▶ Records contained in a dataset
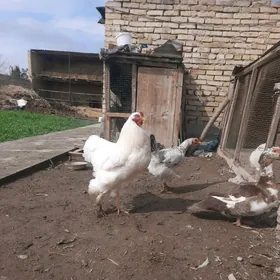 брама хораз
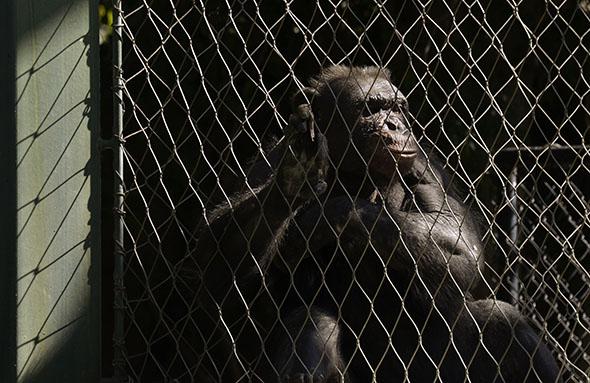 An old chimpanzee rests in the Los Angeles Zoo.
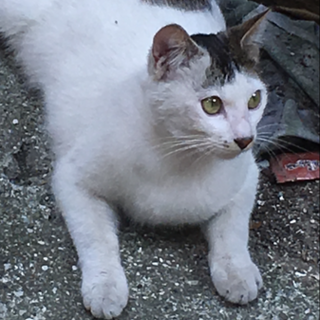 家族として お家ニャンコにして下さい。動画あり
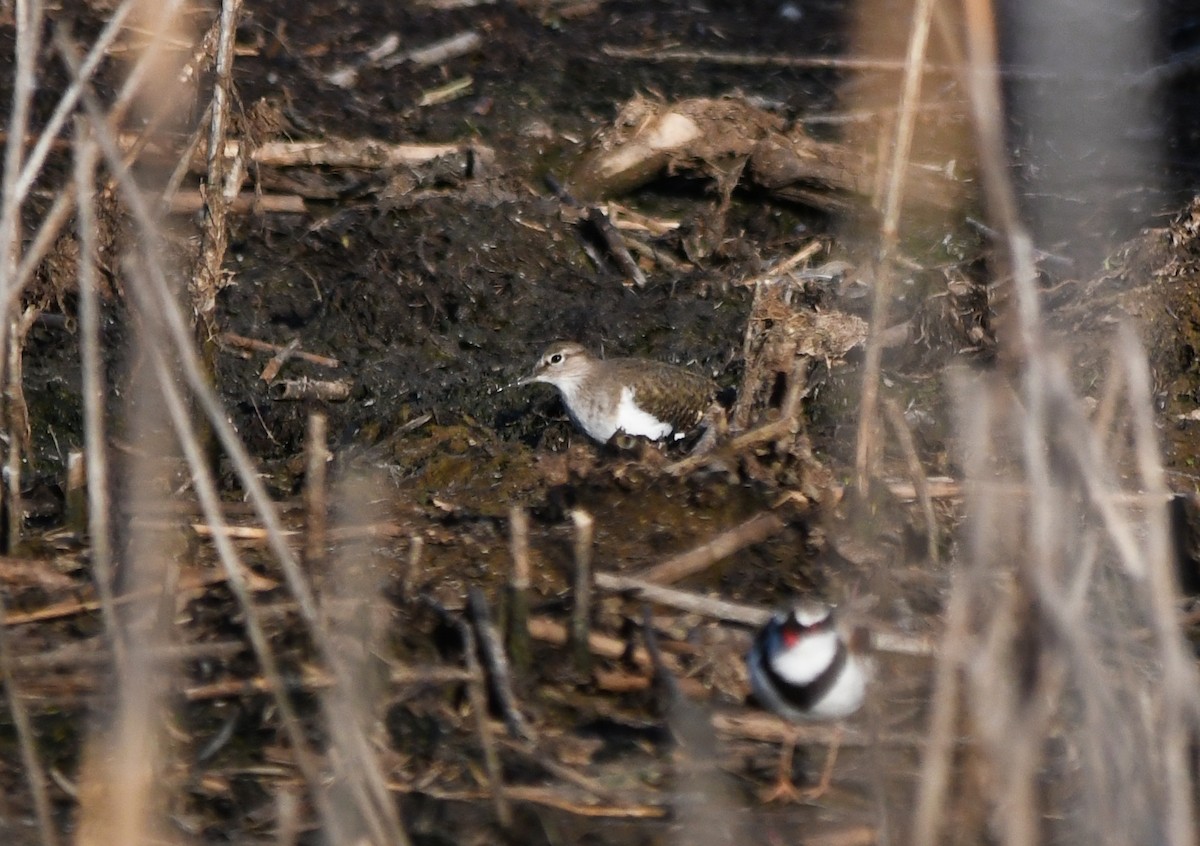 Common Sandpiper - ML627785640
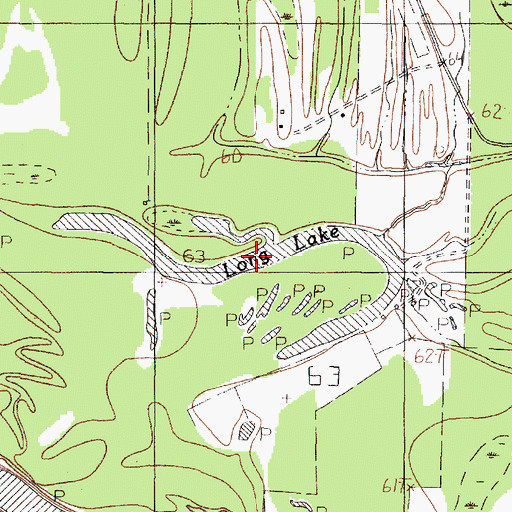 Topographic Map of Long Lake, TX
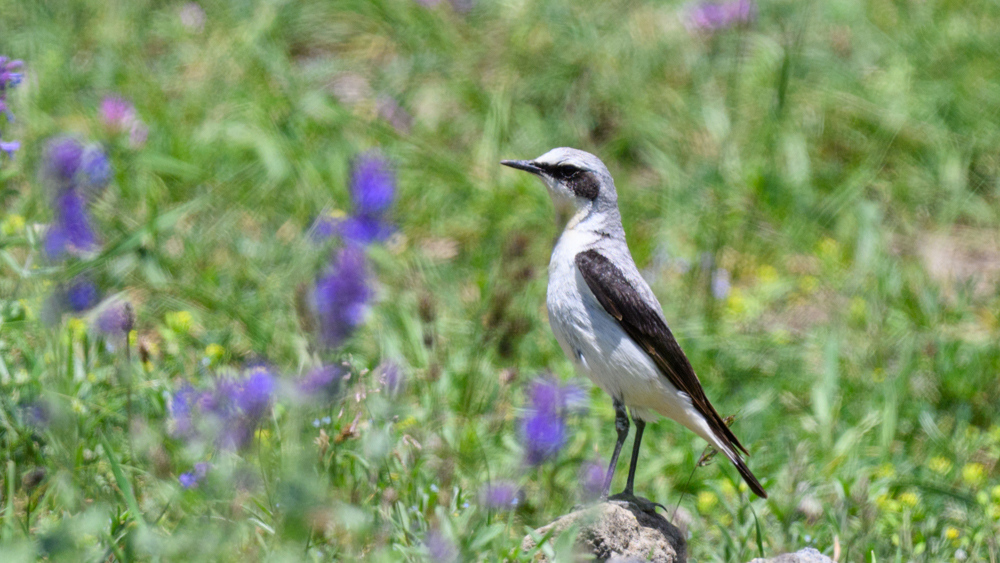 Northern Wheatear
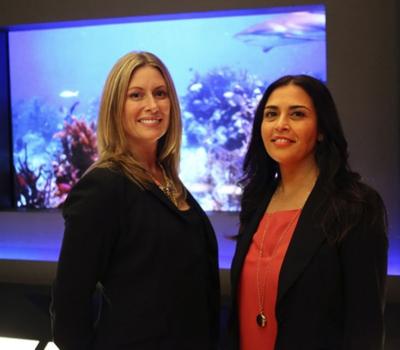 Madison Entrepreneur Survives Tv S Shark Tank Madison Eagle News Newjerseyhills Com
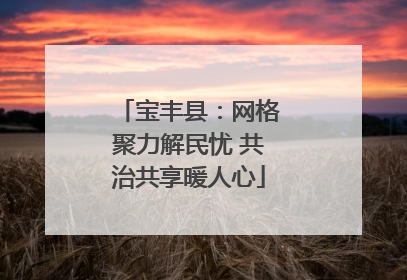 宝丰县：网格聚力解民忧 共治共享暖人心
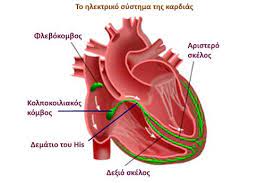 Ταχυκαρδίες και αρρυθμίες.Άρθρο του καρδιολόγου Νίκου Παναγιωτόπουλου,καρδιολογικό ιατρείο Νέα Σμύρνη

▶ Directions
From the line containing "宝丰县：网格聚力解民忧 共治共享暖人心" down to the last line of the entries above, set down every line exactly. Omit all pictures.

▶ Answer to this exercise
 宝丰县：网格聚力解民忧 共治共享暖人心
 Ταχυκαρδίες και αρρυθμίες.Άρθρο του καρδιολόγου Νίκου Παναγιωτόπουλου,καρδιολογικό ιατρείο Νέα Σμύρνη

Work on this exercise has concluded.